LDL Cholesterin

Definition LDL Cholesterin

Es gibt verschiedenen Fette, die im Stoffwechsel des Organismus verarbeitet werden und dort unterschiedliche Aufgaben erfüllen. In diesem Rahmen hat das sogenannte LDL Cholesterin oder LDL Lipoprotein eine wichtige Bedeutung. Die Abkürzung LDL ist eine Bezeichnung für die wissenschaftlich erforschten Low Density Lipoproteine. 

Aufgaben und Bestandteile vom LDL Cholesterin

Das LDL Cholesterin wird vom Organismus benötigt, um grundlegende Vitalfunktionen zu gewährleisten. Es in der Lage ist, nicht in Wasser lösliche Fette wie Cholesterin, Fettsäuren und Phospholipide in den flüssigen Bestandteil des Blutes, dem Blutplasma, zu transportieren. Auch fettlösliche Arten von Vitaminen werden durch das LDL im Plasma von der Leber zu den entsprechenden Organengeweben fortbewegt.
Das LDL Cholesterin stellt eine chemische Kombination aus einem Fett- und einem Eiweißanteil dar. Der Grundbaustein vom LDL Cholesterin ist das Apolipoprotein B100. Diese spezielle Fettproteinart zeichnet sich im Gegensatz zu anderen Fetten mit Eiweißanteil durch einen sehr hohen Gehalt an Cholesterin aus.

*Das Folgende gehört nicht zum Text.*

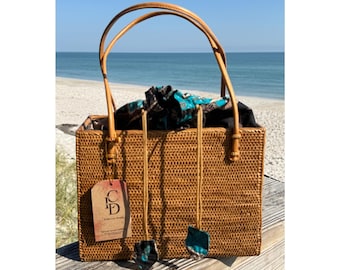 Handmade Rattan Bali Square Tote – Woven Beach Bag with Batik Liner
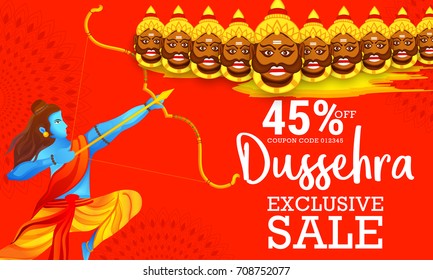 Creative illustration,sale banner or sale poster for Dussehra celebration with ten headed Ravana.
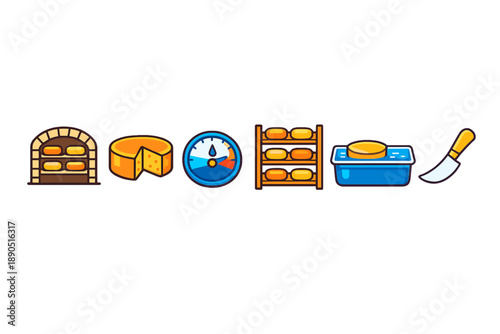 Collection of icons showing steps in cheese making process using different tools, methods, and equipment for cheesemaking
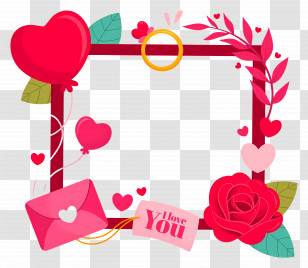 Valentine Frame - Red Frame With Love Elements Transparent PNG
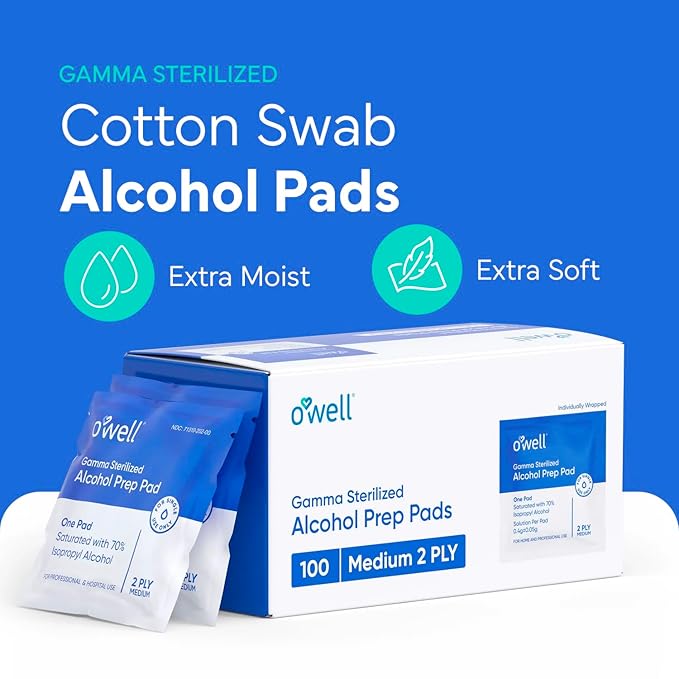 OWELL Prep Pads - 300 Individually Wrapped Sterile Alcohol Wipes, Medium 2-Ply Antiseptic Wipes for Disinfecting Skin, First Aid Kit Alcohol Swabs (3 Packs of 100 Count)
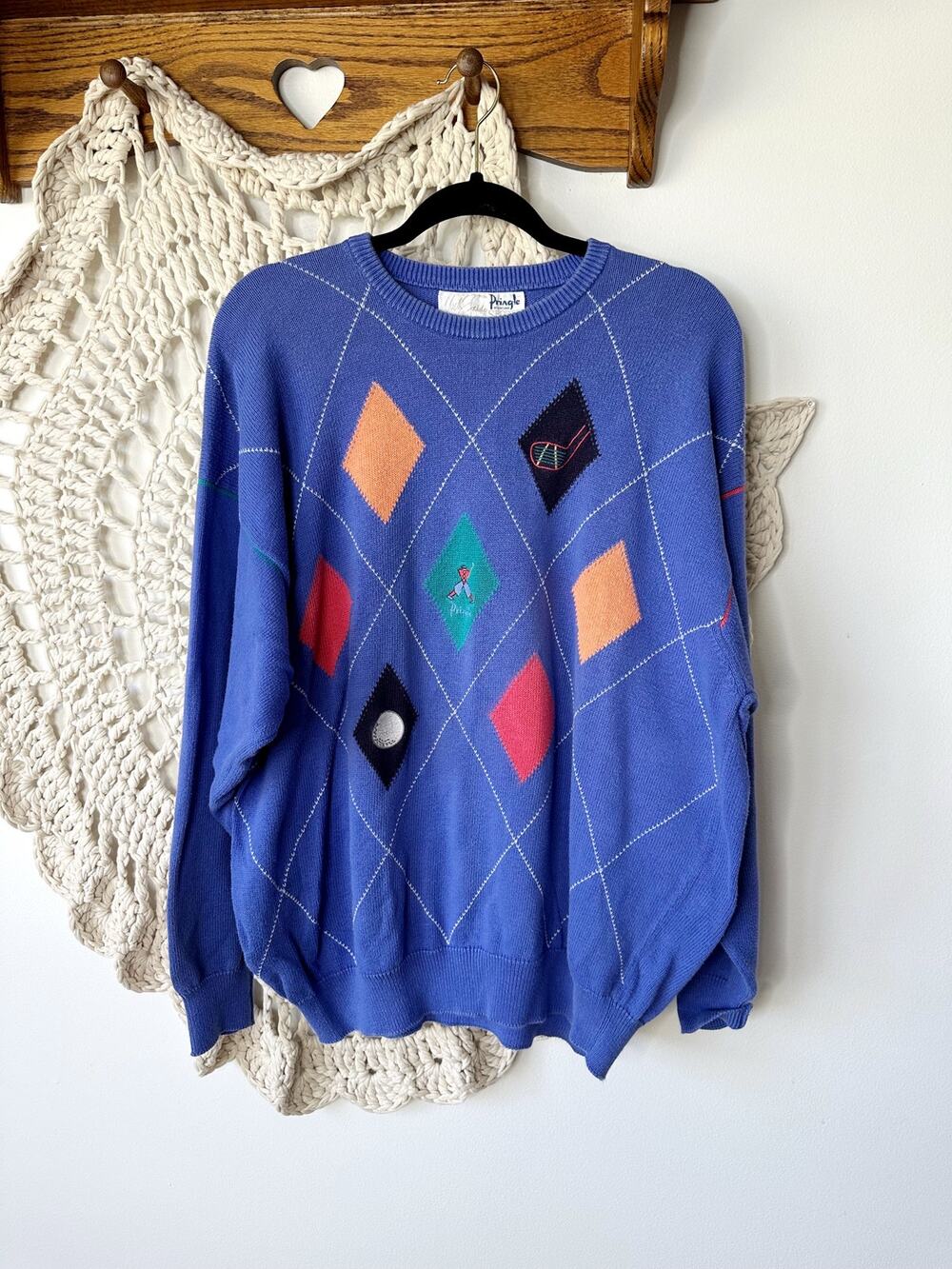 Pringle Of Scotland Nick Faldo Vintage 80s Citton Argyle Golf Sweater Size XL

LDL Cholesterin als Krankheitsursache

Da das LDL Cholesterin viel Cholesterin enthält, trägt eine abnorm hohe Konzentration vom LDL Cholesterin im Blut dazu bei, verschiedene Krankheiten entstehen zu lassen. Als Ursache für die gesundheitlichen Beeinträchtigungen kommt die nachteilige Wirkung vom LDL Cholesterin in Frage. Diese zeichnet sich durch eine enorme Ablagerungsbereitschaft der Substanz an den Wänden der Blutgefäße aus. In Folge dieser Vorgänge können sich die Wände der betroffenen Blutgefäße verhärten, ihre elastischen Dehnungs- und Kontraktionseigenschaften verlieren und sich verengen. Die durchfließende Menge von Blut wird reduziert, Gewebsbereiche werden schlechter und unzureichend durchblutet und Erkrankungen des Herz-Kreislaufsystems sind die Folgen.

Einflussnahme auf LDL Cholesterin

Der Gehalt an LDL Cholesterin im Plasma, der labortechnisch bestimmt werden kann, wird von unterschiedlichen Faktoren beeinflusst. Zunächst kommen genetische Veranlagungen und spezielle Begleiterkrankungen sowie ungünstige Lebensgewohnheiten in Frage. Dies betrifft insbesondere die Ernährung und die körperliche Bewegung sowie psychische Faktoren.LDL Cholesterin wird zu einem gewissen Teil in der Leber gebildet und ebenfalls über die Nahrung zugeführt. Eine fettreiche Nahrungsgestaltung kann somit einen erhöhten Gehalt an LDL Cholesterin begünstigen. Unterstützend kann hierbei zu Nahrungsergänzungsmitteln gegriffen werden.  Dies zeigt, dass durch gewisse äußere, steuerbare Einflussfaktoren eine Senkung beim LDL Cholesterin herbeigeführt werden kann. Diese führen meist auch dazu, dass ein Gegenspieler vom LDL Cholesterin, das HDL Cholesterin, besser wirken und maßgeblich zum Schutz der Gesundheit beitragen kann. Dies sind alltägliche Maßnahmen wie eine cholesterinarme Diät, die durch einen geringen Anteil an gesättigten Fetten gekennzeichnet ist. Im Gegensatz dazu trägt eine reiche Aufnahme ungesättigter Fette zu einer Verringerung beim LDL Cholesterin bei. Eine Reduzierung des Körpergewichts, der Verzicht auf den Genuss von Nikotin und viel körperliche Bewegung senken die Konzentration an LDL Cholesterin ebenfalls.